** Records supplied **
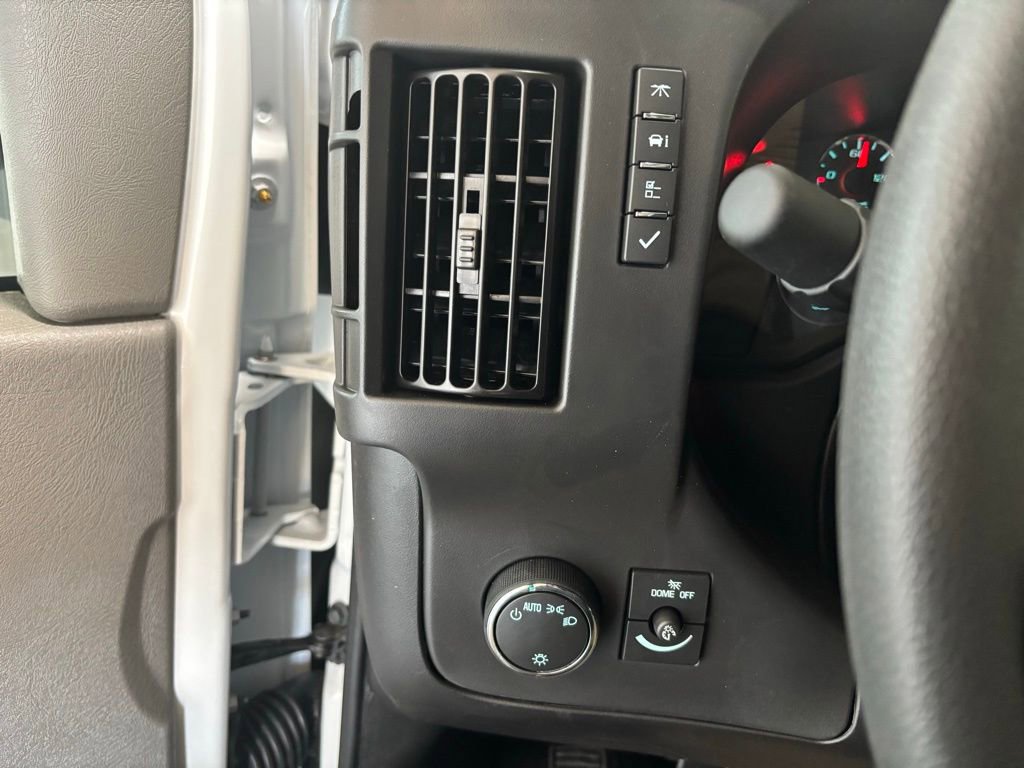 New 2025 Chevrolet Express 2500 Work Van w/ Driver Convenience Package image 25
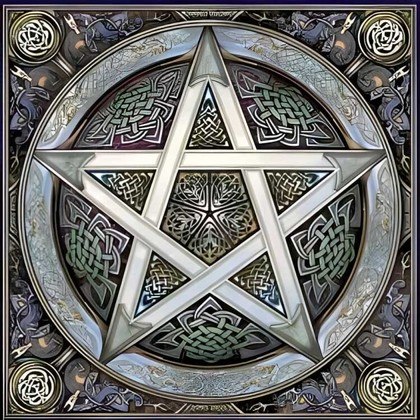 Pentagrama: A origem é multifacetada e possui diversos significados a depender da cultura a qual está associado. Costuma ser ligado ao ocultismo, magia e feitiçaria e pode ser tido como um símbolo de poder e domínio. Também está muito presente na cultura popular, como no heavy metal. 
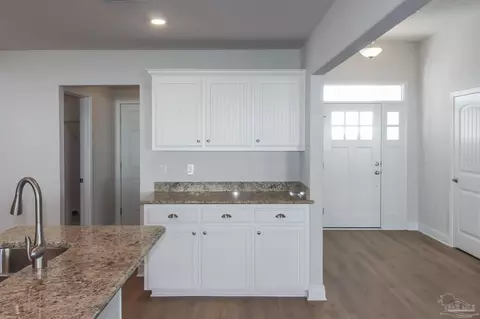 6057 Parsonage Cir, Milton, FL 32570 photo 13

---

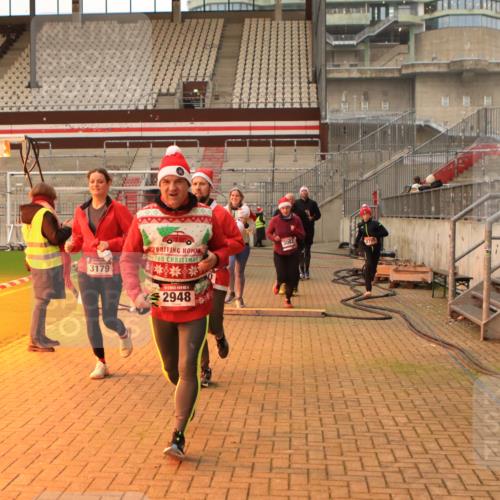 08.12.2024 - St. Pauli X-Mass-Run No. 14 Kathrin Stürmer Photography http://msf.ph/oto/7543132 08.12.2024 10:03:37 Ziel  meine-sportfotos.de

==

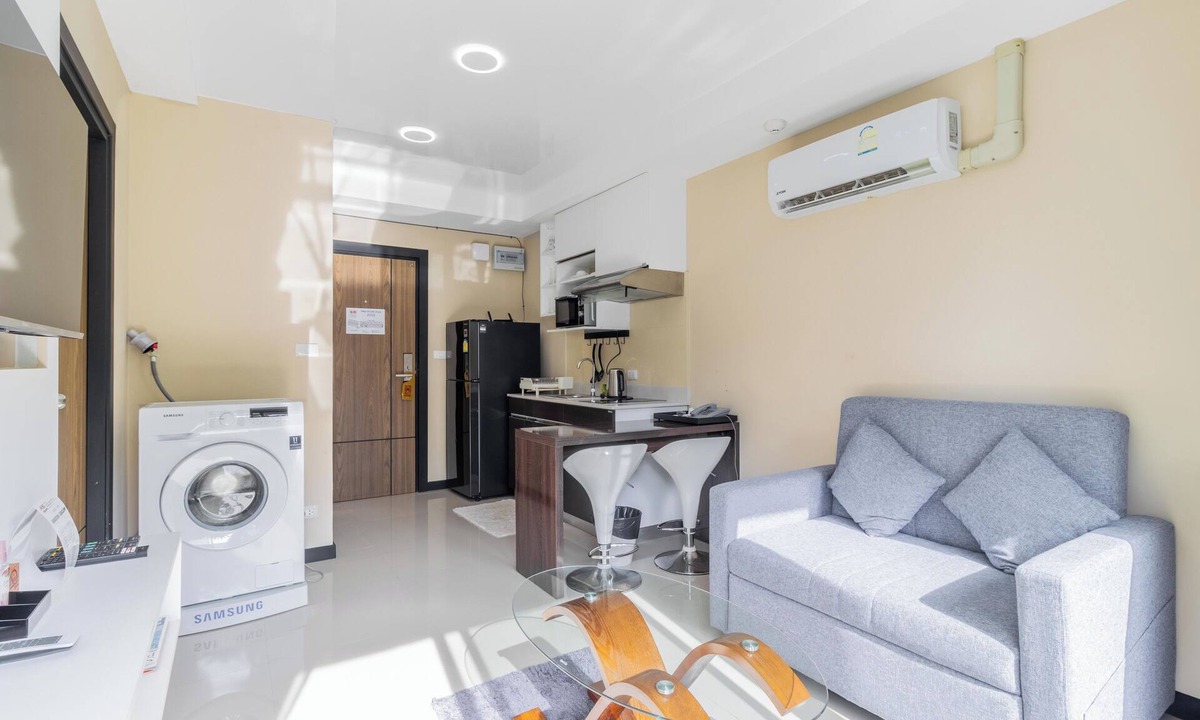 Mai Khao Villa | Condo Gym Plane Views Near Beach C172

** Work instruction **
From the line containing "New 2025 Chevrolet" through the line containing "6057 Parsonage Cir, Milton, FL", copy every line above exactly, without pictures.

** Output for this task **
 New 2025 Chevrolet Express 2500 Work Van w/ Driver Convenience Package image 25
 Pentagrama: A origem é multifacetada e possui diversos significados a depender da cultura a qual está associado. Costuma ser ligado ao ocultismo, magia e feitiçaria e pode ser tido como um símbolo de poder e domínio. Também está muito presente na cultura popular, como no heavy metal. 
 6057 Parsonage Cir, Milton, FL 32570 photo 13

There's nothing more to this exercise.